Prime Minister Tony Abbott says the Federal Government is holding talks with Toyota aimed at keeping the carmaker in Australia, amid union claims the company is seeing to use Holden’s closure to reduce pay and conditions for thousands of workers.
Toyota has warned that Holden’s decision to stop manufacturing by 2017 puts “unprecedented pressure” on its ability to continue building cars in Australia.
Mr Abbott has revealed that he spoke to Toyota’s Australian boss Max Yasuda last night.
“Obviously the Government will be talking to Toyota,” he told Channel Nine this morning.
“We want Toyota to continue.
“They are in a slightly different position to Holden,” he added. “Much more of their local production has been for export. Toyota locally have been much more integrated into the global operations of the company, it seems, than with Holden.”
The Federal Court will decide today whether Toyota can put a new pay deal to its 2,500 strong workforce, a move that would slash costs at its Altona production plant by $17 million.

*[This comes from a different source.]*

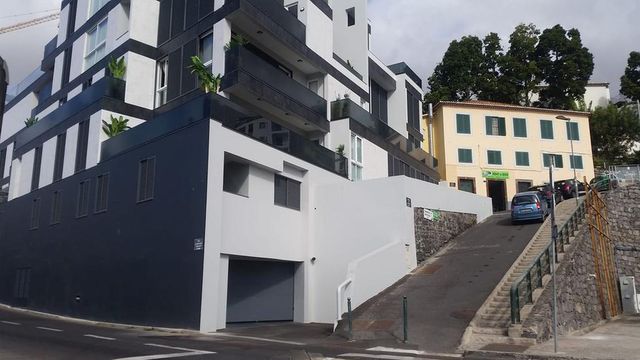 З будинку Кріштіану Роналду вкрали футболку за 200 євро - фото 429412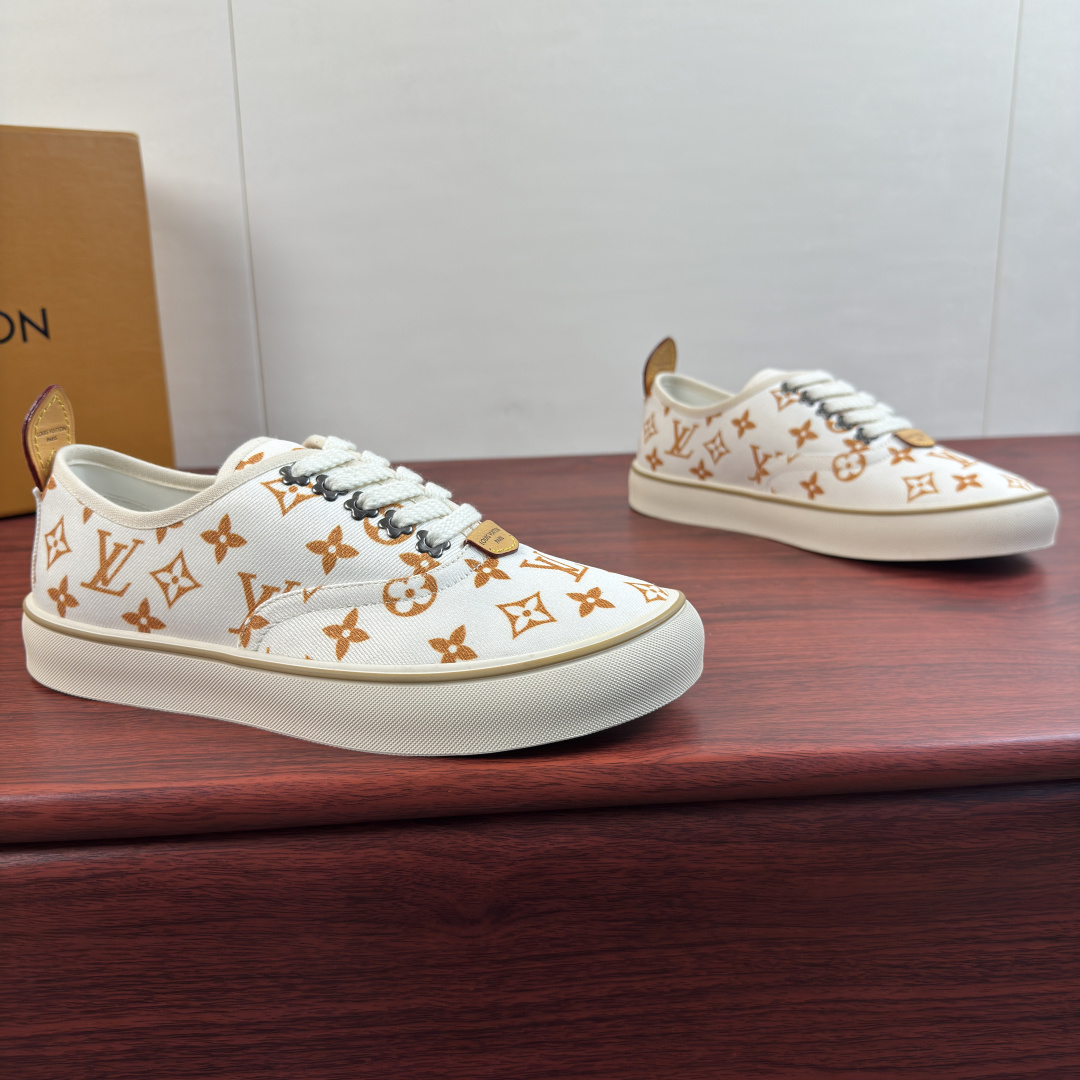 NO:956801,Batch Louis Vuitton LV LAGOON sneakers!  Inheriting LV's century-old brand heritage, these Trocadero presbyopic canvas shoes are a versatile ace for daily wear. The shoe body is made of custom jacquard canvas fabric, with a solid and wear-resistant texture. It is fully printed with the classic Monogram presbyopia logo, making it highly recognizable and low-key, showing a light and luxurious texture. The heel of the shoe is equipped with an original genuine leather pull loop, which is easy to put on and take off, and the details are exquisitely crafted. Thickened off-white rubber sole  , Contrasting color bag edge strip decoration, moderate softness and hardness, cushioning and non-slip, no sense of weight when commuting or shopping for a long time. The brand's thick-grained shoes are equipped with metal pattern lace holes to restore the original neat fit. Genuine leather tongue label + genuine leather letter logo label on the heel, multiple colors available, can be easily adapted to business casual, street fashion, or daily commuting. A complete set of original gift box and dust bag accessories are complete!  Size 39-40-41-42-43-44 Leather shoe size (38.45.46 can be customized) Item No. 0318 Lace-up Printing White,,louis vuitton,louis vuitton,louis vuitton,sneakers19860909批 路易威登（Louis Vuitton） LV LAGOON运动鞋 ！ 承袭LV百年品牌底蕴,这款Trocadero老花帆布鞋是日常穿搭的百搭王牌.鞋身采用定制提花帆布面料,肌理扎实耐磨,满印经典Monogram老花标识,辨识度拉满,低调间尽显轻奢质感.鞋后跟搭配原厂真皮提环,穿脱便捷,细节做工精致考究.加厚米白色橡胶鞋底,撞色包边沿条装饰,软硬适中,缓震防滑,长时间通勤、逛街行走也无负重感.品牌粗纹鞋搭配金属花纹系带孔,还原原版利落版型.真皮鞋舌标牌+后跟真皮字母logo标识标牌,多色可选,无论是商务休闲、街头潮搭、日常通勤都能轻松适配.全套原装礼盒、防尘袋配件齐全！ 尺码39-40-41-42-43-44皮鞋尺码（可定制38.45.46） 货号0318系带 印花 白色,,louis vuitton,louis vuitton,louis vuitton,sneakers,Men's shoes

But the Australian Council of Trade Unions (ACTU) has advised Toyota workers not to accept poorer work conditions.
ACTU secretary Dave Oliver says Toyota is putting unfair pressure on workers, who will vote on the agreement tomorrow if it gets Federal Court approval.
“The problem with Toyota is that they’ve approached their workers to reduce wages and conditions without any plan of future investment,” he said.
“It’s not the wages and conditions that are going to decide the future of Toyota, it’s going to be the knock-on effect of what happens in the auto components sector and what kind of support the Government is going to do.”
Victorian Premier Denis Napthine says it is vital Toyota does not close its Altona factory.
“It is important in terms of jobs, but its also vital for manufacturing capacity, for skills capacity, for the future of these areas in our economy in Victoria,” he said.
“I’ll seize that opportunity to talk to Mr Abbott about the future of Toyota and how the Federal Government can work with the State Government and Toyota and the entire automotive supply chain industry to secure the future of Toyota.”
Toyota worker Phil Hird, who has been employed with the carmaker for 25 years, says he is not confident that his job is safe and that he will be looking for work elsewhere.
“If it’s got to happen, it’s got to happen. [I’m] just seeing what’s out there now and finding out what’s going on,” he said.
“Very shocked and gutted … [I’ve] been here 25 years and the feeling is very empty. It’s been a very very bad 24 hours.”